協同組合の原型ともいえる先祖株組合。
さて、先祖株組合ですが、生まれた時代は江戸時代の天保期。
先祖株組合の生みの親である大原幽学は1835年に千葉県旭市に農民指導者として定住。
1835年といえば有名な天保の大飢饉(1833年から1839年諸説有)の最中です。
その中でも天保7年(1836年)は特に厳しい年のようでした。
仙台・伊達藩一門の家臣だった花井安列さんの日記では1833年から1847年までの14年にわたり毎日の天候記事が書かれてあり、そこから察すると天保7年は夏の気温偏差が-2.8℃と推定されていて厳しい冷害に見舞われたようです。
農民指導として35年に定住した翌年にこのような冷害に見舞われるとは・・・
環境が悪いと土づくり、施肥技術など栽培技術がなければかなり収量は落ちますし、その前の年天保5年は豊作年だったとも言われています。
そのような厳しい環境の中、大原幽学さんは天保9年(1838年)に先祖株組合を作っています。
このような活動をされているということは指導者として地域に受け入れられていたのでしょう、おそらく植物生理の知識などももっておられたのかなと思われます。

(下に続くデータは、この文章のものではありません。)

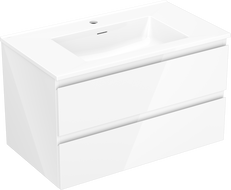 Mexen Orio Badezimmerschrank 80 cm mit Waschbecken Otis, 2 Schubladen, weiß glänzend - 91A10-08047-2-BFF00-W18M00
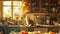 A cat sits on the counter among scattered ingredients in a cluttered kitchen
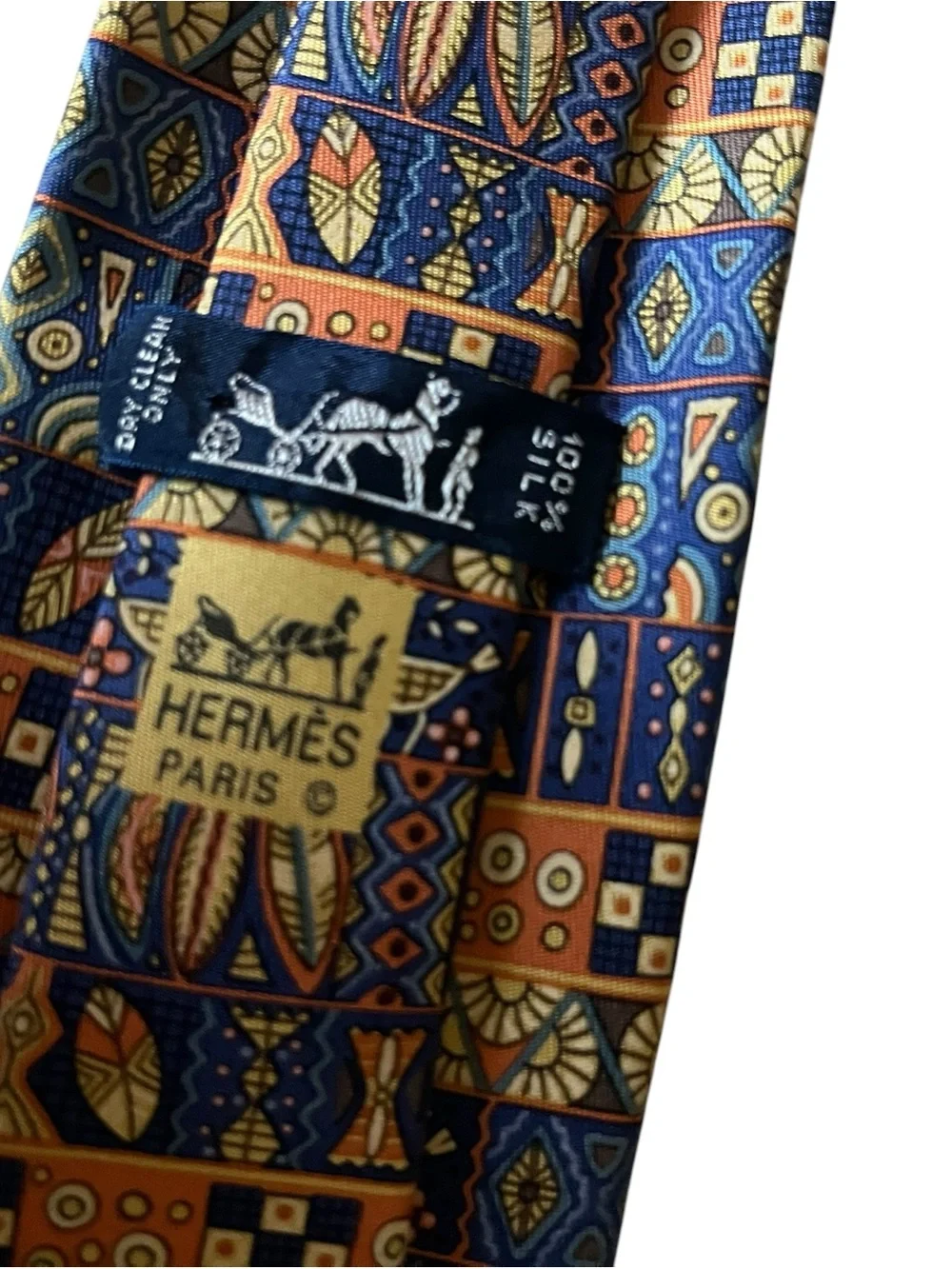 Hermes Blue and orange Patterned Silk Tie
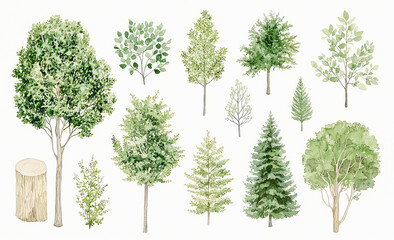 Obraz premium Diverse collection of hand-painted green trees in watercolor style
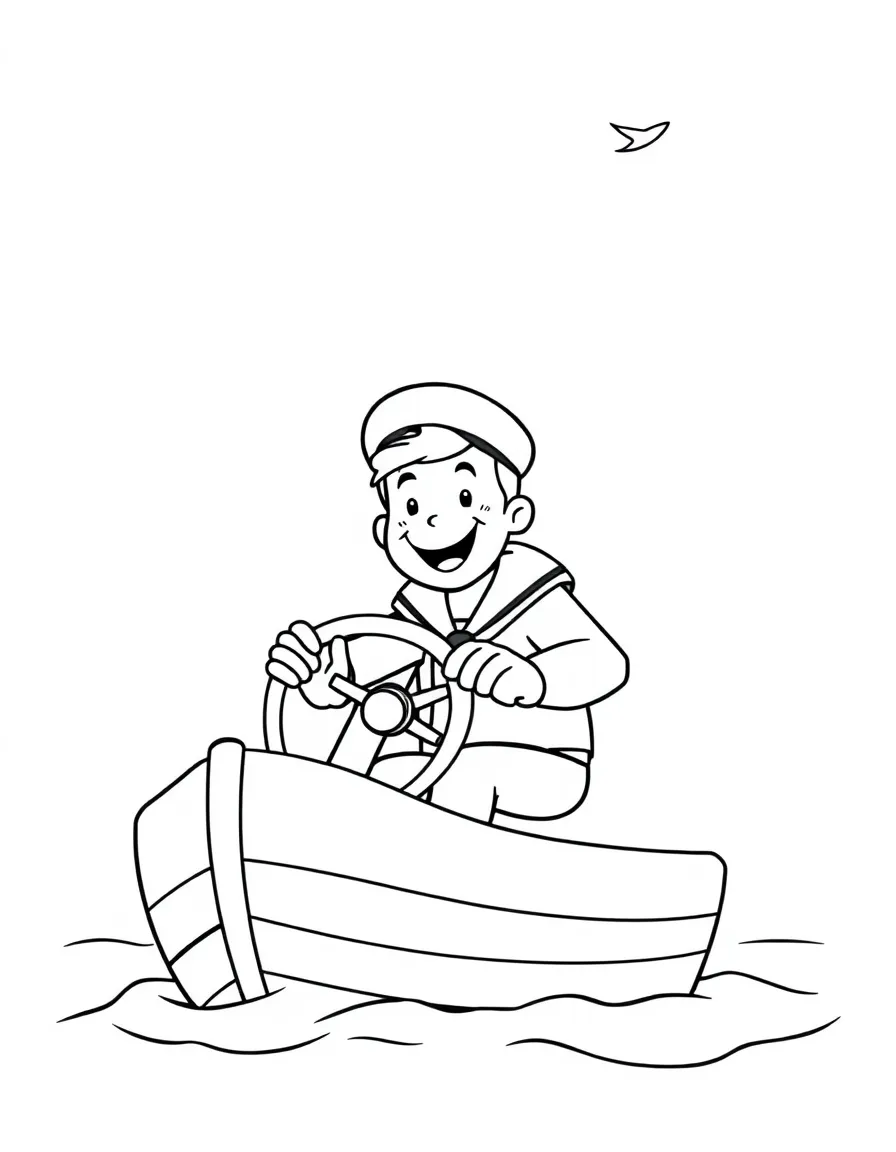 A happy sailor steering a small sailboat, with a mast and flag.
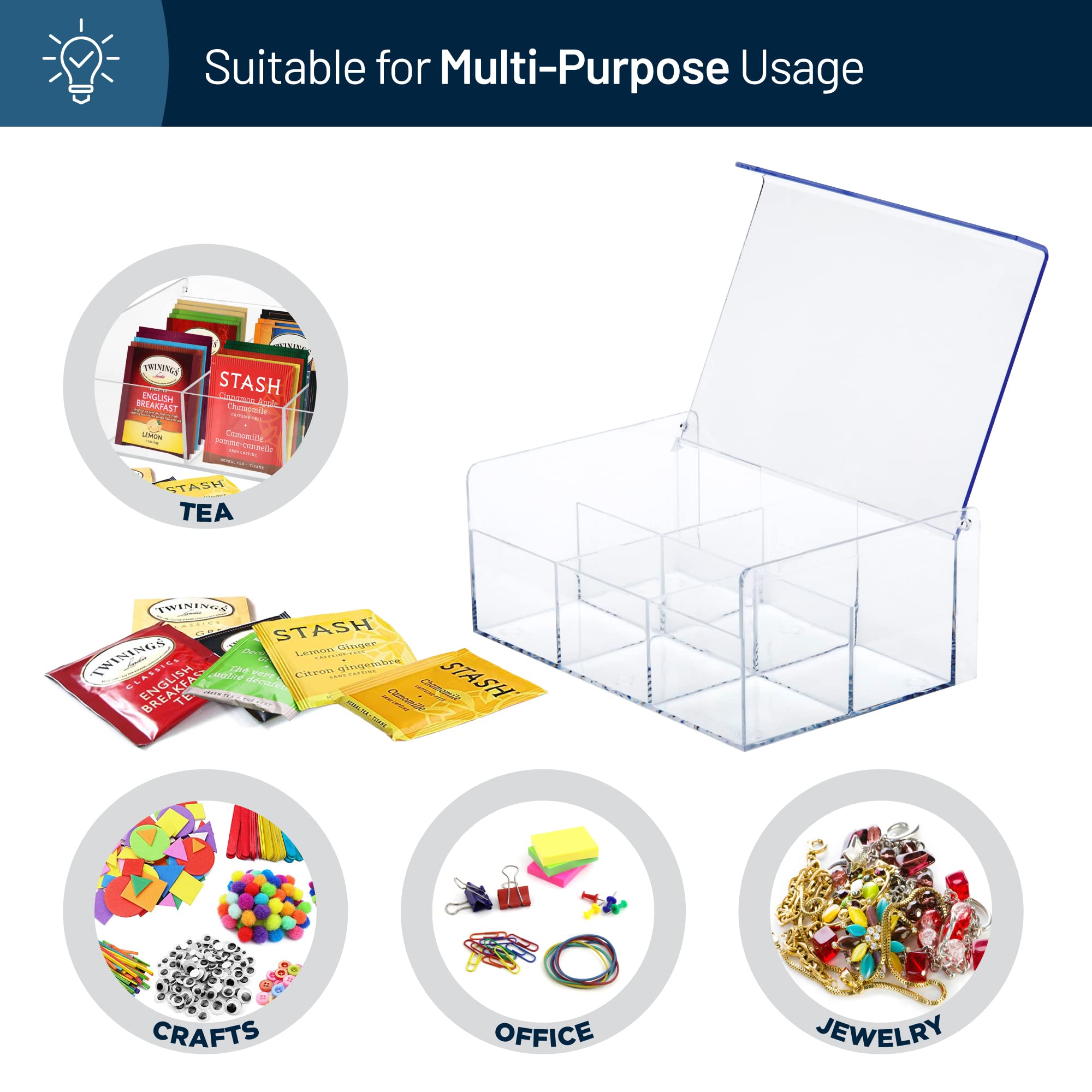 Royalhouse Acrylic Tea Bag Holder Storage Organizer, 6 Compartment Bpa Free Clear Plastic Tea Box With Lid, Multi-Purpose Storag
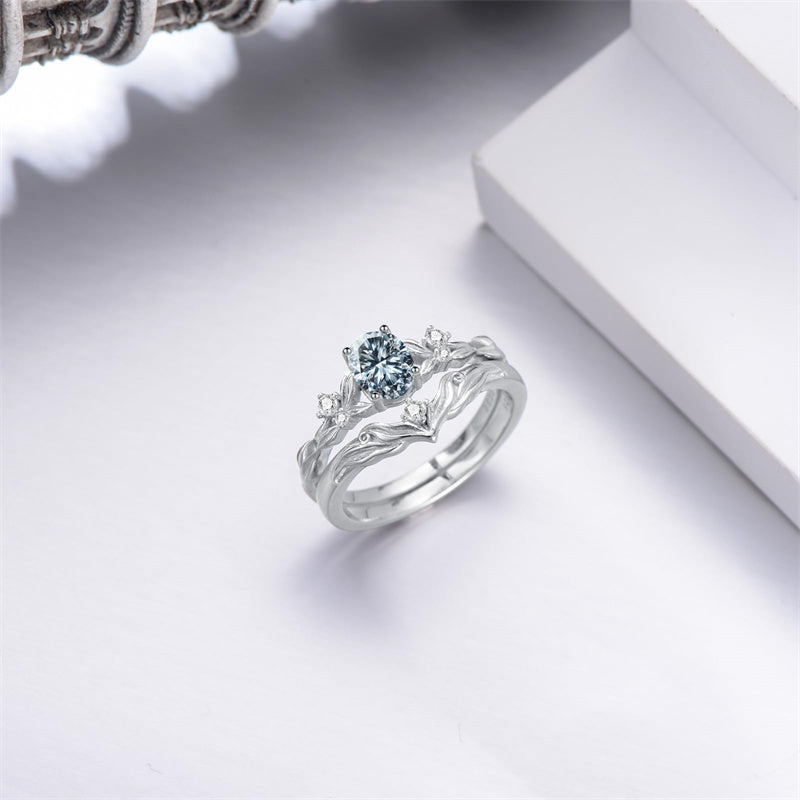 Sterling Silver 10K 14K 18K Gold  Oval Cut Unique Vine Gemstone Wedding Ring Set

さて、この先祖株組合とは、村民が所有地(一人一石分の土地、およそ一石150kgとするとおよそ1反の土地と思われます)を提供し、その所有地からあがる収益を困窮者を助けたり、土地改良や農地開拓を行う種銭にするといういわば互助組織になります。
時代背景的にも飢饉などで農民が苦しい生活をしていたので皆で共有財産を作り積み立てて、不測の事態に備えていたのでしょう。